In the afternoon the sun popped out every now and then, but the wind remained constant.
We went outside to go to Terttu’s to discover everyone on the farm about to herd sheep from one field to another down the road that passes our house. The sheep had escaped in the night and eaten a lot of Camilla’s flowers, and she wanted them somewhere more secure.
We were positioned to stop them turning right or left when they got to side turnings. They only bothered to bother Irma. They turned right where she was standing, leaving her waving her arms and running up and down to startle them back onto the road. Which she did with such amazing effect that even the one that had got past her ran back to join the others.
Now we are at Terttu’s gallery, looking at her paintings, and more specifically at her postcards of her paintings. She is expecting the group of Japanese tourists we saw at the market this morning to arrive at any moment.
The Japanese tourists are members of the Mummin fan club and they are here for the annual guided tour of Kluvoharun, the island where Tove Janssen spent her summers (and where the Mummin books are, in effect, set).
Annika is a liason person between Pellinge and Japan and we will talk with her for fifteen minutes when they arrive and are being shown around. (There are Janssen family connections to here as well.)
Just as we are about to leave, a taxi will arrive with the Japanese woman who missed the Tokyo-Helsinki flight because her plane had mechanical problems at Osaka. She travelled on a later flight and got a taxi from the airport.

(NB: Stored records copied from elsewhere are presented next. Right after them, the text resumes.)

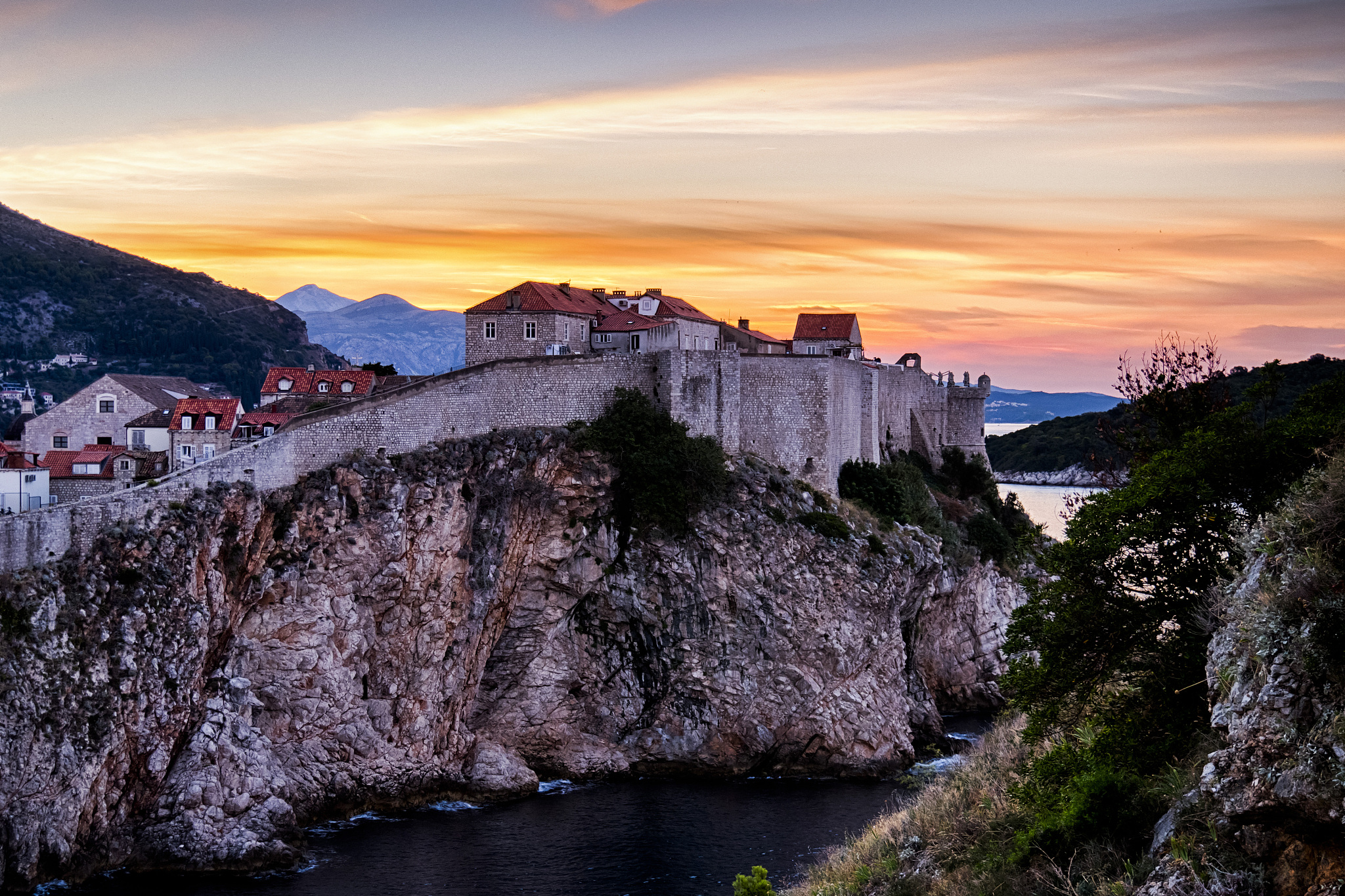 cityscape of dubrovnik with city walls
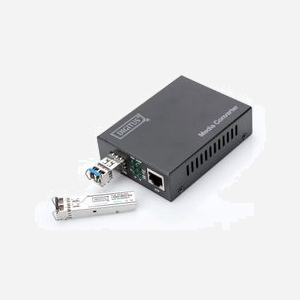 Digitus DN-82211 : Convertisseur de Média 10 Gigabit Ethernet, RJ45/SFP, 1000Base-T/X à 10GBase-T/R, Auto MDI/MDI-X, Port PoE, Distance 80km - Miniature 2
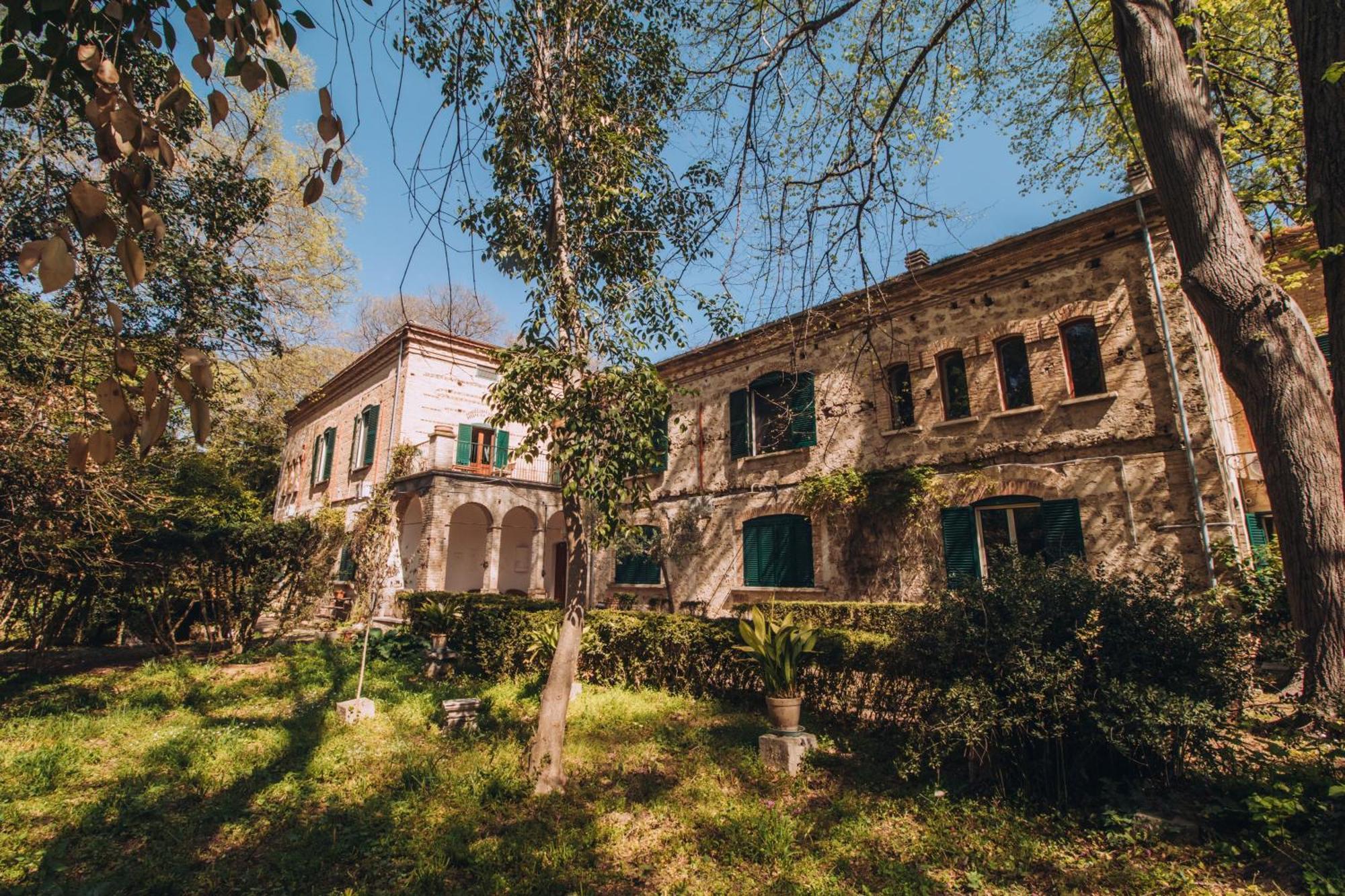فندق The Baron'S Estate Torre de' Passeri المظهر الخارجي الصورة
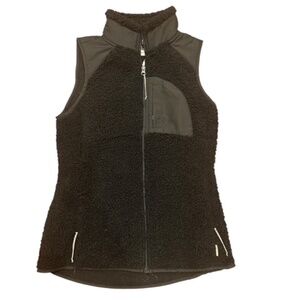 NWT Avalanche Outdoor Supply Company Black Insulated Relaxed Fit Vest. Size S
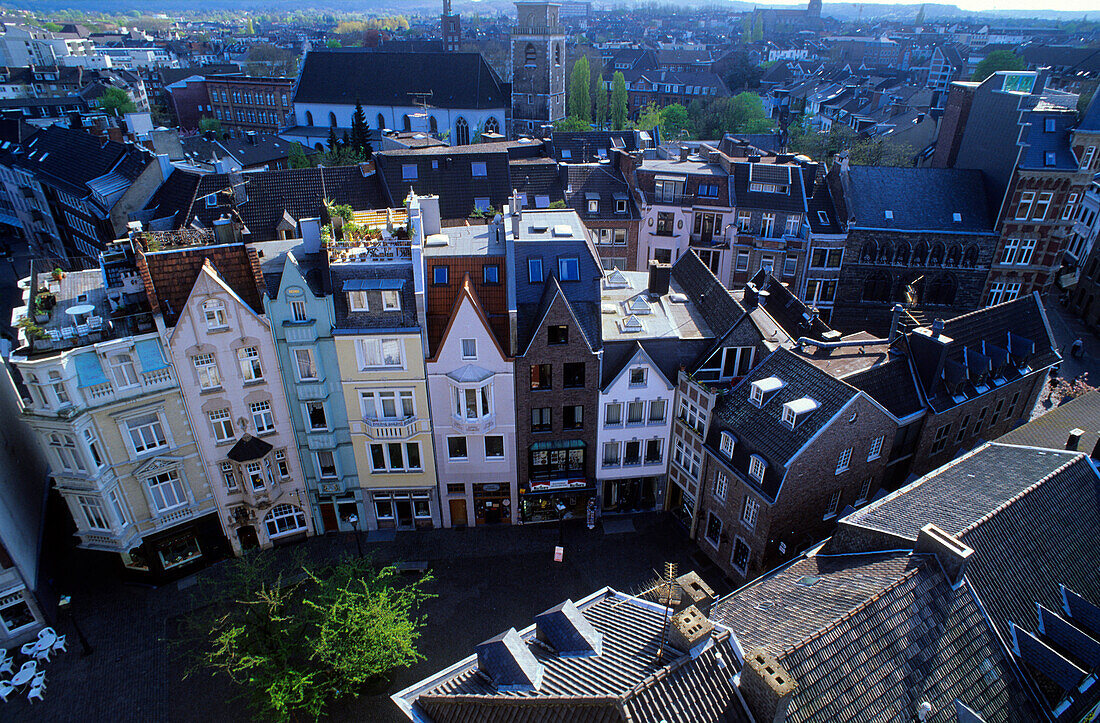 Europa, Deutschland, Nordrhein-Westfalen, Aachen, Blick vom Aachener Dom auf die historische Altstadt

The cost of a taxi from Helsinki Airport to the far end of Suur-Pellinki is 145€, in case you are interested.
Late in the evening we will go to Benita’s to see tonight’s troubadour, and to find out what the visiting Swedish chef made for the one-night-only Benita’s Barbecue. We will be too late to see the food but in plenty of time to watch the troubadour.
We will stand with coffee and cakes in hand, watching people in various states of merriment jiving and attempting the twist. Helmer and Marita will dance as though fifty years had suddenly been sliced off their ages.